MXR Noise Clamp – review

Stop that unwanted noise!

Playing at high gain, or with a lot of pedals in your chain can cause numerous noise issues, combining both even more so.

A noise gate is the perfect thing to help control unwanted noise, but they can introduce their own set of problems. Some noise gates can alter a players tone, and many may not be happy with that. If a noise gate is set with moderate gating it’s not usually a problem, the difference in tone is fairly marginal. If the noise gate needs to be set very high things can get pretty messy.

Jim Dunlop may very well have solved this problem with their new noise gate, the MXR Noise Clamp.

The Noise Clamp comes with the regular input and output jacks, and then also has its own effects loop, where you can plug in all of the pedals you may have in front of your amplifier. With this setup the Noise Clamp can sense your guitar’s dry signal, and then reduce the noise level inside the pedal’s effects loop.

It has a single trigger knob which allows you to set the desired volume threshold to activate the noise gate, and a green LED to indicate when the gating is active. The Noise Clamp will reduce noise by up to 26dB, meaning that you can control much of the noise you may get with extremely high gain tones.

As with all MXR pedals, the Noise Clamp is one very solid unit with the standard MXR small pedal enclosure, and high quality jacks, switches and pots. It has a very bright blue LED to indicate when the pedal is on, and as mentioned earlier a green LED to indicate when the noise gate is active. Jim Dunlop know how to build a high quality pedal, and this is no exception. It can run off a nine volt battery or power supply.

I have a variety of typically noisy pedals in front of my Blackstar HT-5. I usually run a distortion or overdrive pedal, my MXR Micro Flanger, Boss CS-3 Compression/Sustainer, and Ernie Ball Wah. The combo of distortion/overdrive, flanger and compressor all create various amounts of noise which are a bit of a bother when playing. They were perfect candidates for being put in the Noise Clamp’s loop.
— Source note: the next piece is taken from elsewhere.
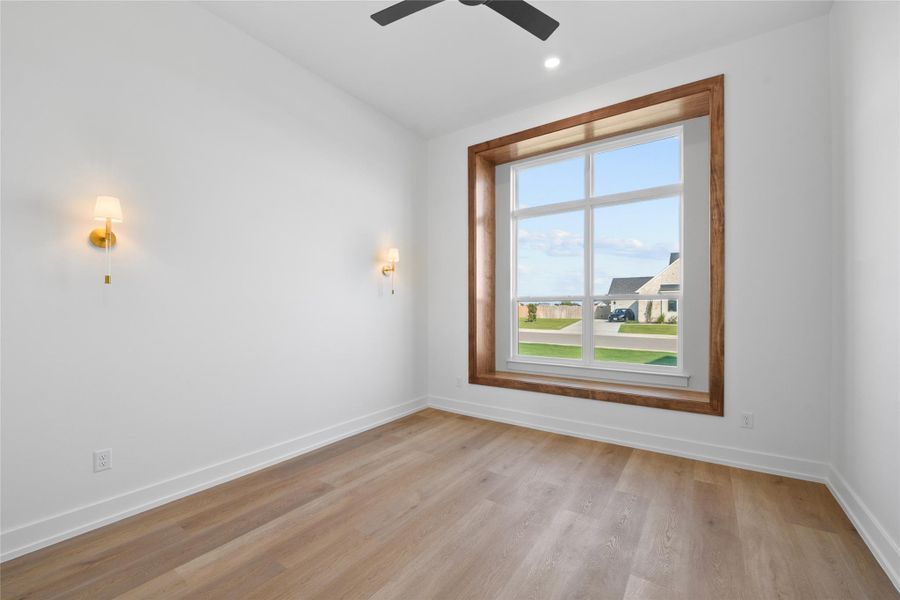 Spacious, unfurnished interior of a new home in King Oaks, Salado (Image 23). Spacious, unfurnished interior of a new home in King Oaks, Salado (Image 23).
After hooking everything up and warming up my amp I set the Noise Clamp to twelve o’clock and started testing out my noisy pedals on the overdrive channel.
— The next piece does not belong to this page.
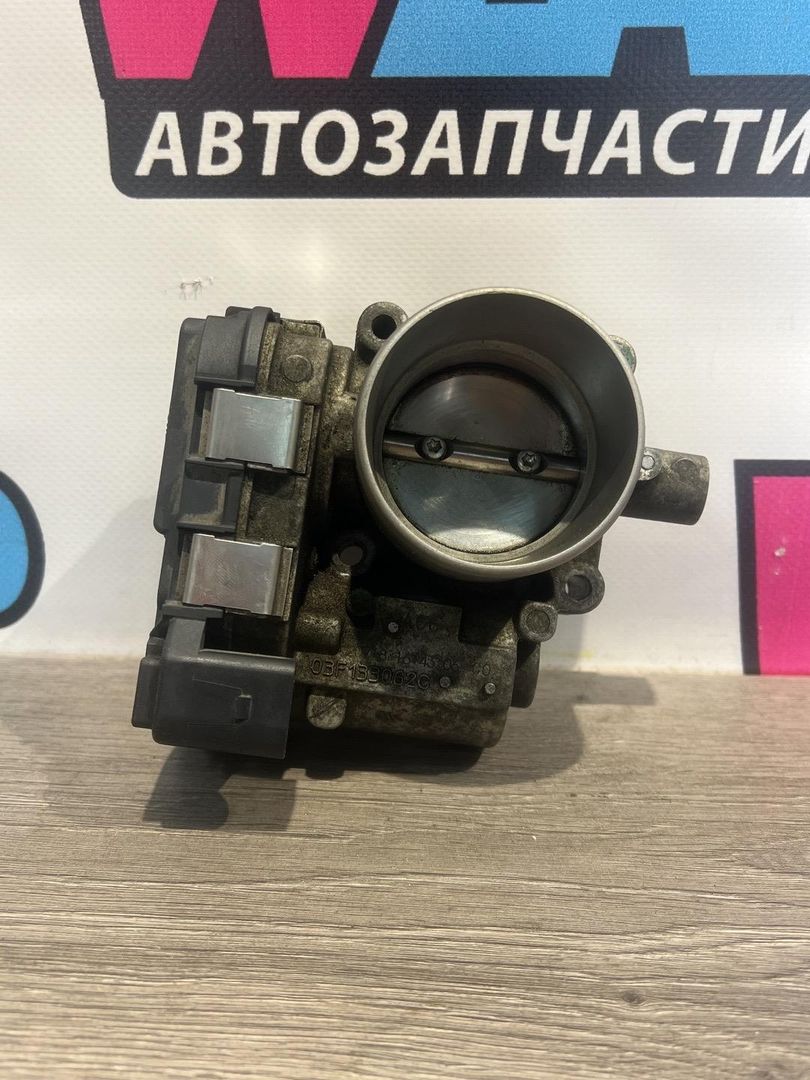 заслонка дроссельная Volkswagen Jetta 7 поколение 2019, 1.4 л., бензин, МКПП, черный, седан, передний привод, 03F133062C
My band performs a cover of the Nine Inch Nails song Wish, and on this track I use a high gain distortion pedal to really push the gain up for the verses. This typically creates an issue, as I have to constantly turn the distortion pedal on and off when there is no guitar being played, leaving room for error.

With the Noise Clamp engaged I no longer had to worry about excess tap-dancing. All I had to worry about was turning the distortion pedal off for the appropriate parts of the chorus and breakdown. I could set the Noise Clamp to “clamp” on the noise gate as soon as I muted the strings, and I would hear from my rig was silence. With the threshold set correctly I could coax controllable white noise out of my guitar, perfect for the intro to the song.

In one of my band’s original songs I use my MXR Micro Flanger with a middle or neck single coil tone to create a swirling dirty psychedelic tone for the chorus. In the lead up to the breakdown after the second chorus there is a stop start section, where typically I’d have flanger noise carrying on during the silent moments.

The Noise Clamp took care of all of this though. No longer did I have swirling white noise during the moments where there should be silence.

So the actual noise gate part of the Noise Clamp is great. The next part of the test is whether or not it displays any tone suck when engaged.

I tested the full range of the Noise Clamp’s Threshold control and could find no noticeable change in tone. Most noise gates typically start to alter tone as the threshold rates go up, but I could find no such thing occurring with the Noise Clamp. All I had was my pure tone.

Turning the Threshold knob around will limit the amount of sustain, just like any other noise gate. I found that I was able to get plenty of sustain out of the lower range of the Threshold, and if I needed I much higher Threshold setting I wasn’t typically wanting any real sustain anyway. This is fantastic because it just means that I can leave the Noise Clamp permanently on, and just adjust the Threshold if I feel the need to.

Overall I found the MXR Noise Clamp to be the perfect addition to my pedal board. It controls any unwanted noise that may be introduced by pedals and rehearsal/gig volumes, and keeps my tone just as it were, which is probably the most important thing. Combine this with an excellent price and I believe the Noise Clamp is a sure-fire winner.

A big thanks to Brandon from Jim Dunlop for providing the MXR Noise Clamp for me to review.